If Brown is very ambitious, and not very conscientious, he will take the bribe. If his conscience is stronger than his ambition, he will refuse it. But to say that he is free to choose is a misuse of terms: he is only free to decide as the stronger of the two motives compels him to decide. And the motives arise from heredity and environment.
Macbeth was ambitious; but he had a conscience. He wanted Duncan's crown; but he shrank from treason and ingratitude. Ambition pulled him one way, honour pulled him the other way. The opposing forces were so evenly balanced that he seemed unable to decide. Was Macbeth free to choose? To what extent was he free? He was so free that he could arrive at no decision, and it was the influence of his wife that turned the scale to crime.
Was Lady Macbeth free to choose? She did not hesitate. Because her ambition was so much stronger than her conscience that she never was in doubt. She chose as her over-powering ambition compelled her to choose.
And most of us in our decisions resemble either Macbeth or his wife. Either our nature is so much stronger than our training, or our training is so much stronger than our nature, that we decide for good or evil as promptly as a stream decides to run down hill; or our nature and our training are so nearly balanced that we can hardly decide at all.
In Macbeth's case the contest is quite clear and easy to follow. He was ambitious, and his environment had taught him to regard the crown as a glorious and desirable possession. But environment had also taught him that murder, and treason, and ingratitude were wicked and disgraceful.

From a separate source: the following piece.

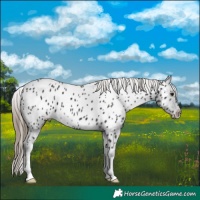 Horse Color:Smoky Black Appaloosa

Had he never been taught these lessons, or had he been taught that gratitude was folly, that honour was weakness, and murder excusable when it led to power, he would not have hesitated at all. It was his environment that hampered his will.
We may say that Wellington was free to take a bribe. But his heredity and environment had only left him free to refuse one. Everyone who knew the Iron Duke knew how his free will would act if a bribe were offered him.
We may say that Nelson was free to run away from an enemy. But we know that Nelson's nature and training had left him free only to run after an enemy. All the world knew before the event how Nelson's free will would act when a hostile fleet hove into view. Heredity and environment had settled the action of Nelson's free will in that matter before the occasion to act arose.
We may say that Nelson's will was free in the case of Lady Hamilton. But it seems only to have been free to do as Lady Hamilton wished.
When Nelson met an enemy's fleet, he made haste to give them battle; when he met Lady Hamilton he struck his flag. Some other man might have been free to avoid a battle; some other man might have been free to resist the fascinations of a friend's wife. Horatio Nelson was only free to act as his nature and his training compelled him to act. To Nelson honour was dearer than life; but Lady Hamilton was dearer than honour.